▸ **Given data**
%%

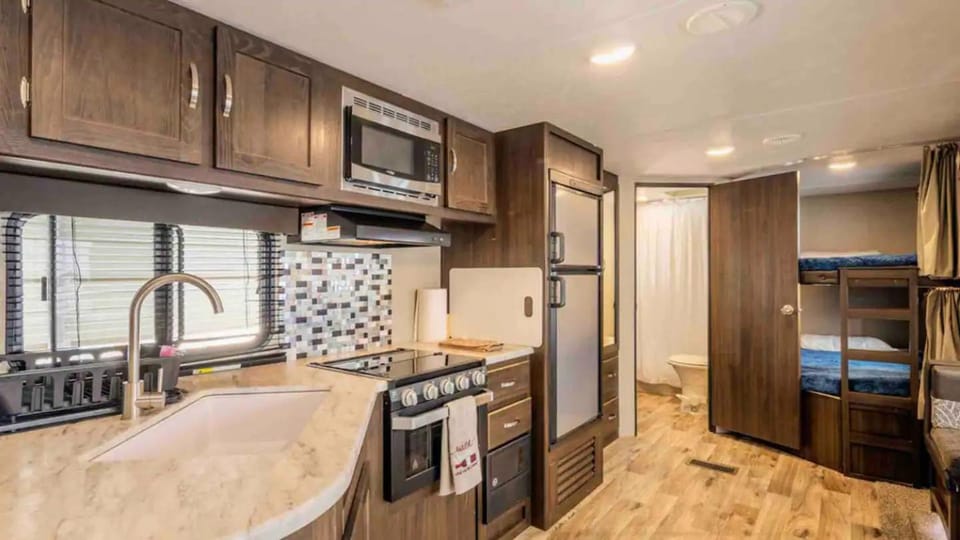 Parked RV Travel Trailer Getaway Wi-Fi with Hookups Campground/ 
RV Resort in Fresno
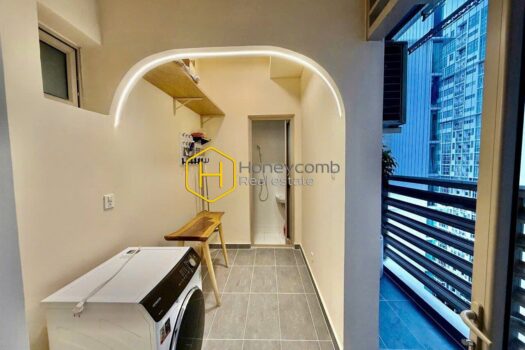 The Vista Visit a polished urban apartment in The Vista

%%

▸ **Exercise requirements**
Give the data above again exactly. Leave the pictures out.

▸ **Response to the task**
 Parked RV Travel Trailer Getaway Wi-Fi with Hookups Campground/ 
RV Resort in Fresno
 The Vista Visit a polished urban apartment in The Vista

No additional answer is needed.